In 1449, Arta was conquered by the Ottoman Empire, who ruled it until 1717, with the exception of a Venetian occupation during the Morean War (1684–1699). From 1717 it was a mainland dependency of the Venetian Ionian Islands, until the Fall of the Republic of Venice in 1797, when it came under French control, only to be conquered by Ali Pasha of Janina two years later. It then remained part of the Ottoman Empire until the annexation of Arta into the Kingdom of Greece in 1881.

==Description==
Built on a low hill, and originally abutting the bed of the Arachthos (it now flows some 200 m to the east), the castle walls form an irregular shape extending some 280 m long at the northeastern-southwestern axis and up to 175 m wide. On the eastern side, once protected by the river, there is a single wall that incorporates part of the ancient city wall of Ambracia. On the other sides, the castle is protected by two walls, an inner one, some 10 m high and protected by towers, and an external one of some 4–5 m height, just far enough to enclose the inner wall's towers into its circuit. The inner wall survives intact to the present day, but the outer wall only in isolated stretches. The walls are on average 2.5 m thick.

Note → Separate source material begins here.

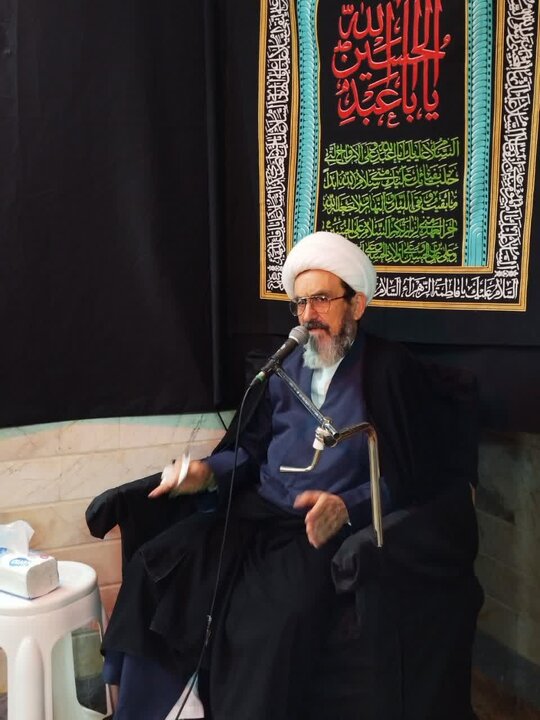 تقرير مصور/ مؤسسة السيدة فاطمة المعصومة (ع) تقيم الليلة الثانية من العزاء الحسيني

The walls have been reinforced with many bastions, and the towers and parapets modified to hold artillery embrasures by the Ottomans and Venetians.

Remains of a Byzantine-era church and building suggest that these may have been the palace and palace church of the Despots of Epirus. Almost all archaeological remains in the interior of the castle have been wiped out, however, by the construction of a Xenia hotel in the 1960s.